Result statuses: `pass`, `fail`, `crash`, `timeout`, `install_error`,
`clone_error`, `error`.
## Project Structure
```
labeille/
├── src/labeille/ # Main package
│ ├── cli.py # Click CLI entry point (resolve, run, bisect, scan-deps, registry, analyze)
│ ├── resolve.py # Resolve PyPI packages to source repositories
│ ├── runner.py # Run test suites and capture results
│ ├── bisect.py # Automated crash bisection across git history
│ ├── registry.py # Registry reading/writing/schema
│ ├── registry_cli.py # Batch registry management CLI
│ ├── registry_ops.py # Batch operations (add/remove/rename/set/validate)
│ ├── analyze.py # Data loading and analysis functions
│ ├── analyze_cli.py # Analysis CLI (registry, run, compare, history, package)
│ ├── bench_cli.py # Benchmarking CLI (run, show, compare, track, export)
│ ├── bench/ # Benchmarking subsystem
│ │ ├── runner.py # Benchmark execution engine
│ │ ├── config.py # Profile loading and condition resolution
│ │ ├── compare.py # Statistical comparison
│ │ ├── tracking.py # Longitudinal tracking series
│ │ ├── trends.py # Trend analysis and regression detection
│ │ └── ... # stats, anomaly, constraints, cache, system, export
│ ├── ft_cli.py # Free-threaded testing CLI (run, show, flaky, compat, compare)
│ ├── ft/ # Free-threaded testing subsystem
│ │ ├── runner.py # Free-threading test execution
│ │ ├── results.py # Failure categories and result structures
│ │ ├── compat.py # Extension GIL compatibility detection
│ │ └── ... # analysis, compare, display, export
│ ├── compat_cli.py # Compatibility survey CLI (survey, show, diff, patterns)
│ ├── compat.py # C extension compatibility survey and error classification
│ ├── formatting.py # Shared text formatting (tables, histograms, sparklines)
│ ├── summary.py # Run summary formatting
│ ├── yaml_lines.py # Line-level YAML manipulation
│ ├── classifier.py # Pure Python / C extension detection
│ ├── scan_deps.py # AST-based test dependency scanner
│ ├── import_map.py # Import name to pip package mapping
│ ├── crash.py # Crash detection and signature extraction
│ └── logging.py # Structured logging setup
├── doc/ # Documentation
│ ├── workflow.md # Resolve-run workflow guide
│ ├── benchmarking.md # Benchmarking guide
│ ├── free-threaded.md # Free-threaded testing guide
│ ├── compat.md # Compatibility analysis guide
│ └── enrichment.md # Package enrichment guide
├── tests/ # Unit and integration tests
└── results/ # Test run output (gitignored)
```
The package registry lives in a separate repository:
[laruche](https://github.com/devdanzin/laruche).

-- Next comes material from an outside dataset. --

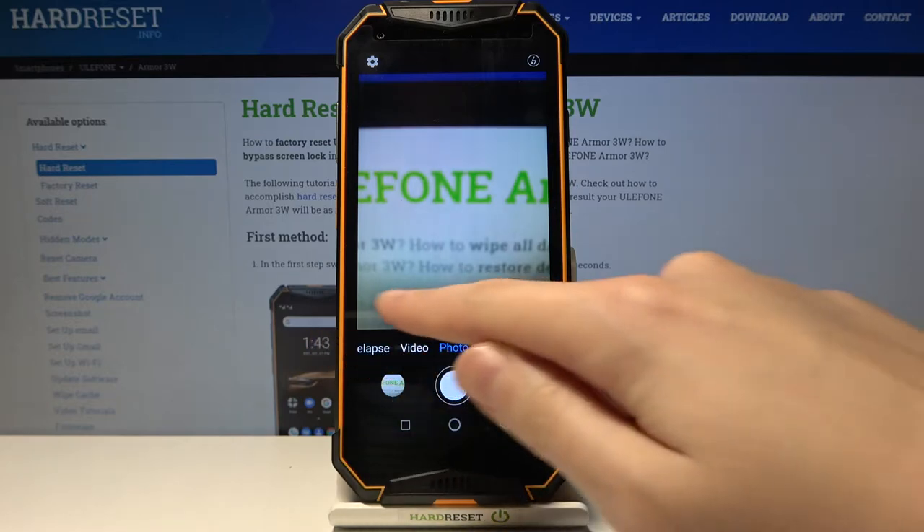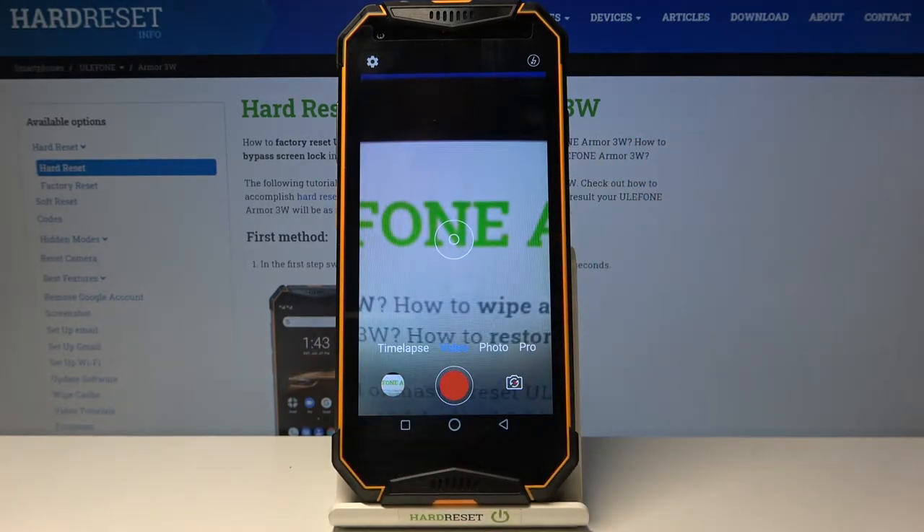Let's change it by using the settings bar and simply going to the left to the video mode. So here we are.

Use `labeille registry sync` to fetch it.
## Relationship to lafleur
[lafleur](https://github.com/devdanzin/lafleur) and labeille are complementary tools
for finding CPython JIT bugs:
| | lafleur | labeille |
|---|---|---|
| **Approach** | Evolutionary fuzzing | Real-world test suites |
| **Input** | Generated synthetic programs | Existing package tests |
| **Finds** | Structural JIT bugs | Semantic bugs, regressions |
| **Coverage** | Broad, random exploration | Targeted, real usage patterns |
Used together, they provide broad coverage of the JIT's behavior under both synthetic
and real-world workloads.
## Contributing
See [CONTRIBUTING.md](CONTRIBUTING.md) for development setup, coding standards, and
the pull request process.
## Acknowledgments
[Anthropic](https://www.anthropic.com/) provided financial support that enabled access to
advanced AI capabilities for labeille's development. See [CREDITS.md](CREDITS.md) for full
details.
## License
MIT — see [LICENSE](LICENSE) for details.